Please copy, word for word, the line that contains "Snapshot of CamiiLovers" and every line after it through the end of the records, and nothing more.

START Source information

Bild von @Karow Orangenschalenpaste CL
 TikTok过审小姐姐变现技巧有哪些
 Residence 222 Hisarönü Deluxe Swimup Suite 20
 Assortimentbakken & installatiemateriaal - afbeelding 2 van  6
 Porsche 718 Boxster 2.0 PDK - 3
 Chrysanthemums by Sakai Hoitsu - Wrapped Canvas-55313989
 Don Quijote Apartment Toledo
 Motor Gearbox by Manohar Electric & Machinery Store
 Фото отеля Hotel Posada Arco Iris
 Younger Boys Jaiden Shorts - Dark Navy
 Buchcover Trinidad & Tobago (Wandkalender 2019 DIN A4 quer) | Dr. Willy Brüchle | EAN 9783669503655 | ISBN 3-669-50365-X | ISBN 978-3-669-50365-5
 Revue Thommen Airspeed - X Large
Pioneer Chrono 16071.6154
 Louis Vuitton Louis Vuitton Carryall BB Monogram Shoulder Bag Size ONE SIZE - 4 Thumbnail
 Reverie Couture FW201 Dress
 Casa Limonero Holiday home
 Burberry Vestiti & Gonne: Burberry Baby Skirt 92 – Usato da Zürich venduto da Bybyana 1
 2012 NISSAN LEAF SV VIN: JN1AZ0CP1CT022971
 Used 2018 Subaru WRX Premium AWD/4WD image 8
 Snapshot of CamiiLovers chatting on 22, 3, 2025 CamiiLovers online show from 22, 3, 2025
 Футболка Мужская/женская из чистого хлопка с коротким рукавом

END Source information

■ **Solution to this exercise**
 Snapshot of CamiiLovers chatting on 22, 3, 2025 CamiiLovers online show from 22, 3, 2025
 Футболка Мужская/женская из чистого хлопка с коротким рукавом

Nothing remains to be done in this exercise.